Responsible Minister’s power to make class orders
(3) The responsible Minister may make an
order in writing that enables directors who have a material personal interest
in a matter to be present while the matter is being considered at a directors’
meeting, vote on that matter, or both be present and vote. The order may be
made in respect of a specified class of Commonwealth authorities, directors,
resolutions or interests.
(4) The order may be expressed to be subject
to conditions.
(5) Notice of the making, revocation or
suspension of the order must be published in the Gazette.
27L
Right of access to authority’s books
Right while director
(1) A director of a Commonwealth authority
may inspect the books of the authority at all reasonable times for the purposes
of a legal proceeding:
(a) to which the director is a party;
or
(b) that the director proposes in good
faith to bring; or
(c) that the director has reason to
believe will be brought against him or her.
Right during 7 years after ceasing to be director
(2) A person who has ceased to be a director
of a Commonwealth authority may inspect the books of the authority at all
reasonable times for the purposes of a legal proceeding:
(a) to which the person is a party; or
(b) that the person proposes in good
faith to bring; or
(c) that the person has reason to
believe will be brought against him or her.
This right continues for 7 years after the person ceased
to be a director of the authority.
Right to take copies
(3) A person authorised to inspect books
under this section for the purposes of a legal proceeding may make copies of
the books for the purposes of those proceedings.

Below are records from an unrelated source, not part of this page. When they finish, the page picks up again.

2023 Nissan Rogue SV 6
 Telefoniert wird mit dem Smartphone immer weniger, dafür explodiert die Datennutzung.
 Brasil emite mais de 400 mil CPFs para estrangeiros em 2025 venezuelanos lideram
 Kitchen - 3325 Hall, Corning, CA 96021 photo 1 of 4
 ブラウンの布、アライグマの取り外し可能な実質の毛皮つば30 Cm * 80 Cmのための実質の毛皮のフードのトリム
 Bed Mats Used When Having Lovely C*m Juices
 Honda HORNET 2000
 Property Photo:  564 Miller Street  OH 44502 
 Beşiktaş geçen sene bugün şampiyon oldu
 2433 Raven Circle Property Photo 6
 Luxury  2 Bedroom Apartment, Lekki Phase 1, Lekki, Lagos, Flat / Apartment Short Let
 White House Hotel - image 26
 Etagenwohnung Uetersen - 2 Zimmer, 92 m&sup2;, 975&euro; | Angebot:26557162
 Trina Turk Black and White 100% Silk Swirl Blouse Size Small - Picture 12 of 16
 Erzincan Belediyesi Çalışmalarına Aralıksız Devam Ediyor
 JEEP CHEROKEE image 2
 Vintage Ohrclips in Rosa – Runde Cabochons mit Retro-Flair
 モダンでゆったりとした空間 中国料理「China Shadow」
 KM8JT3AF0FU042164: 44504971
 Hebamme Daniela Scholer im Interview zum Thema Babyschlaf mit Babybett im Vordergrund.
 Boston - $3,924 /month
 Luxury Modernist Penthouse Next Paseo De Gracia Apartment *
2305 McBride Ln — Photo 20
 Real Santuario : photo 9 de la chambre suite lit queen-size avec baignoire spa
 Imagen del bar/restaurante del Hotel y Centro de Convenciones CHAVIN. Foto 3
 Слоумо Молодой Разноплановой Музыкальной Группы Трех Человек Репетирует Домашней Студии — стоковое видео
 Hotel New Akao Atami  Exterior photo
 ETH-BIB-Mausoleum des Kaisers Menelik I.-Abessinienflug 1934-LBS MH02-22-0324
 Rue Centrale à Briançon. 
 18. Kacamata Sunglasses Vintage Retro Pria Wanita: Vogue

Commonwealth authority not to refuse access
(4) A Commonwealth authority must allow a
person to exercise his or her rights to inspect or take copies of the books
under this section.
Division 4A—Restrictions on indemnities and insurance for officers
27M
Indemnification and exemption of officer
Power to indemnify officers
(1) Except as provided in this section, a
Commonwealth authority may indemnify a person who is or has been an officer of
the authority from any liability incurred by the person as an officer of the authority.
Exemptions not allowed
(2) A Commonwealth authority, or a subsidiary
of a Commonwealth authority, must not exempt a person (whether directly or
through an interposed entity) from a liability to the authority incurred as an
officer of the authority.
When indemnity for liability (other than for legal
costs) not allowed
(3) A Commonwealth authority, or a subsidiary
of a Commonwealth authority, must not indemnify a person (whether by agreement
or by making a payment and whether directly or through an interposed entity)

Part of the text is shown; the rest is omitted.